Restricting expression is common practice in China. Now the government is also planning to criminalize the wearing of clothing that hurts the “feelings of the people.” According to the draft law, someone could be fined or even jailed if they wear something that “harms the spirit of the Chinese people.”

Under a general law against causing trouble, China can already punish anyone who wears clothing or banners with controversial messages. The new law would also allow authorities to impose fines or even prison sentences on people whose clothing is said to violate morals.

It remains unclear in the draft law which items of clothing this is the case for. The respective definition would therefore be left to the authorities. Several lawyers in the country have already expressed concern about the draft law.

What could be considered offensive was shown in videos circulating on Chinese online networks earlier this month. They showed a man being questioned by police in the metropolis of Shenzhen because he had filmed himself wearing a skirt. Some Internet users defended the police action, arguing that the man’s behavior embarrassed others. On the Chinese platform Weibo, someone wrote: “This is hurtful to common morals.”

Lawyer Lao Dongyan from Tsinghua University warns that the draft law contains “an overly vague criminal law that opens the door to the arbitrary expansion of criminal prosecution.” Most citizens in Beijing interviewed by the AFP news agency expressed similar sentiments, but also said that the law was primarily aimed at preventing the wearing of Japanese clothing at historical dates or places.

In 2021, the pro-state tabloid “Global Times” reported on an incident in which a woman wore a kimono in public on Memorial Day for the victims of Japanese war crimes. Last year, another woman reported being arrested while wearing a kimono for a photo shoot in the city of Suzhou.
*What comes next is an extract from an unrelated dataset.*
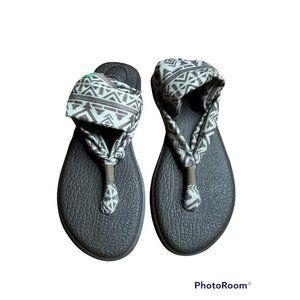 Sanuk yoga mat flip flops size 7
He, a 23-year-old from Beijing, speaks of “special circumstances” that justify restricting freedom of choice in clothing, such as “offensive” behavior in front of certain monuments or on certain days that is “100% intentional and must be punished.” However, from the young woman’s point of view, it is necessary to establish “carefully considered” criteria in the law. And the consultation period scheduled until September 30th might not be enough for that.

25-year-old programmer Yang Shuo also said: “If someone wears a kimono at the monument to the Nanjing massacre by the Japanese invaders, I think it will cause serious psychological damage to the Chinese people.” Such behavior must be punished.

“There are historical reasons and I think the feelings of the local people must be taken into account,” said 35-year-old Gu. However, in his opinion, in most cases it is not necessary to punish the wearing of clothing, for example “if someone wears a kimono while shopping.”

Jeremy Daum of the Paul Tsai China Center at Yale University expects the bill to be even more tailored to clothing that is seen as an irritant in national commemoration of historical events. “It’s pretty clear that the language will change a lot – after all the public comments. It will probably focus on heroes, martyrs and party history.”